Quand le monde sera réduit en un seul bois noir [...]
Le poème bref "Le haut étang fume continuellement..." fait plus songer à Macbeth et l'idée de faire sonner "une cloche de feu rose dans les nuages" fait elle-même écho à un passage du même célèbre drame de Shakespeare. Je dois relire Hamlet pour envisager encore un rapprochement qui m'interpelle entre Parade et une description des comédiens dirigés par Hamlet.
Enfin, dans Hamlet, le héros éponyme se fait passer pour fou afin de sauver sa vie qu'il sait en danger depuis qu'il a compris que son oncle a assassiné son père. On remarque que dans Vies, poème en trois volets des Illuminations, le poète attend "de devenir un très-méchant fou" et se moque de la "stupeur" du public face au néant qui l'attend, tandis que dans la prose liminaire d'Une saison en enfer le poète se vante d'avoir joué de "bons tours à la folie", ce qui fait le sujet d'Alchimie du verbe. Il me semble donc légitime d'envisager le travail conscient par Rimbaud d'un profil hamlétien personnalisé mis en oeuvre dans sa poésie.

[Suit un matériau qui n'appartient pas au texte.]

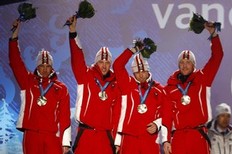 Austria's silver medallists Christoph Sumann, Dominik Landertinger, Daniel Mesotitsch and Simon Eder wave during the medal ceremony for the men's biathlon 4x7.5km relay at the Vancouver 2010 Winter Olympics, in Whistler, British Columbia, February 26, 2010.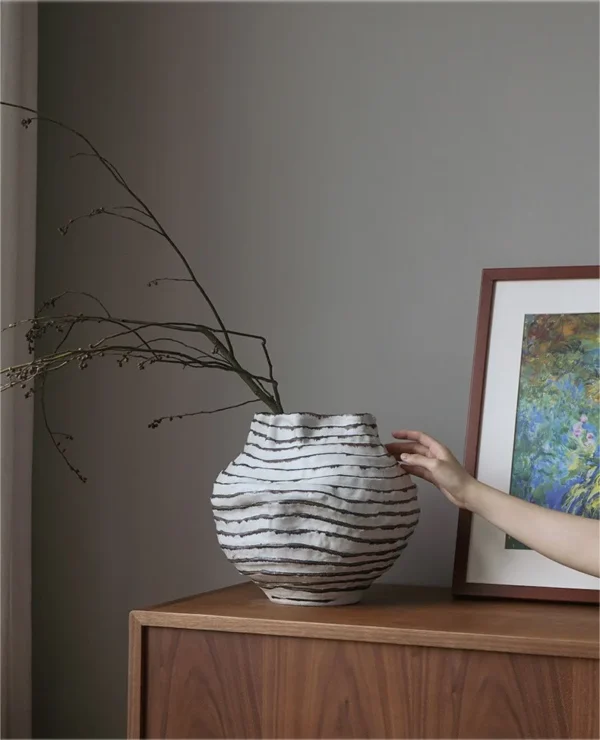 Jingdezhen Black Line Pleated Art Vases, Three Forms in ivory — in a room setting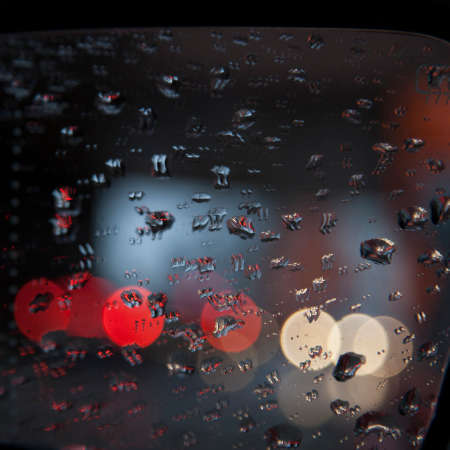 drops on rear view mirror of car and reflections of red and white lightsの写真素材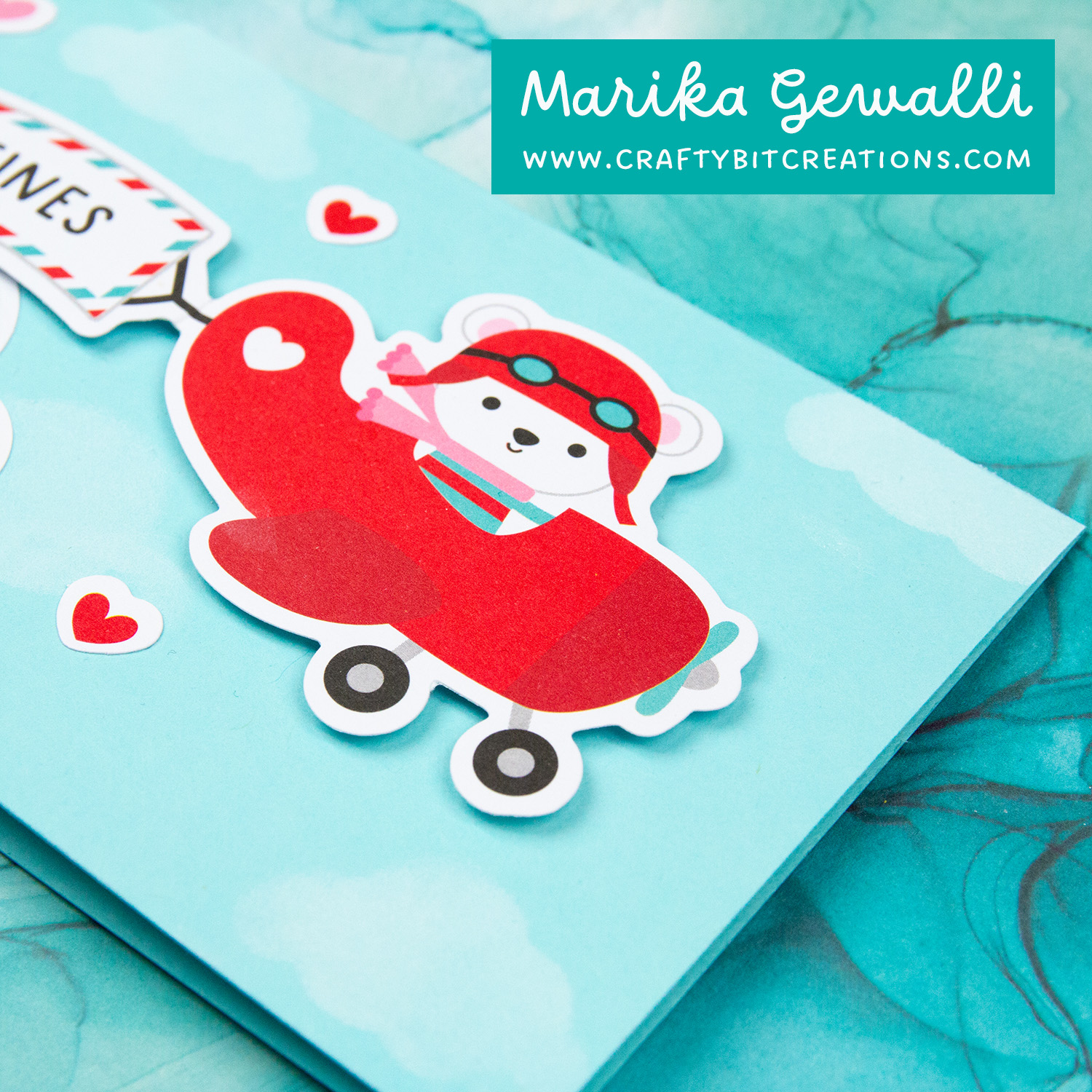 Close up slimline card with diecuts from doodlebug designs showing a plane with a flag following, clouds and hearts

En même temps, il ne faut pas perdre de vue que précisément à cette époque-là l'oeuvre de Shakespeare s'est encore plus nettement imposée en France grâce à la traduction du fils même de Victor Hugo, ce qui ne saurait manquer d'avoir du sens pour Rimbaud. L'oeuvre hugolienne doit sans doute beaucoup à Shakespeare, j'envisage un article de mise au point à ce sujet en marge donc de mes études spécifiquement rimbaldiennes. Je pense que certains trouvailles de la traduction sont en réalité des idées de Victor Hugo scrupuleusement reprises par le fils, et les préfaces à chacune des pièces certes ne semblent pas s'imposer comme du Victor Hugo, à la différence du Victor Hugo raconté par un témoin de sa vie qui n'a pas été écrit par l'épouse, mais qui est à l'évidence une autobiographie, mais les préfaces du fils de Victor Hugo rencontrent plus d'une fois les procédés de conteur du grand romantique, avec parfois une irruption qui sent le génie spontané, à tel point qu'il est difficile de ne pas envisager des interventions paternelles ponctuelles et anonymes dans ce travail préfaciel. Dans tous les cas, il s'agit d'une prose sorti de l'esprit en exil de Hauteville House, et rien qu'à ce titre cela est significatif et doit retenir notre attention littéraire.
Voilà, il me semble que les linéaments shakespeariens que mon article entend faire respirer à la lecture de l'oeuvre de Rimbaud pourront raviver chez tout un chacun le flambeau du sens face à une poésie aussi mystérieuse et profonde que les chefs-d'oeuvre du théâtre élisabéthain.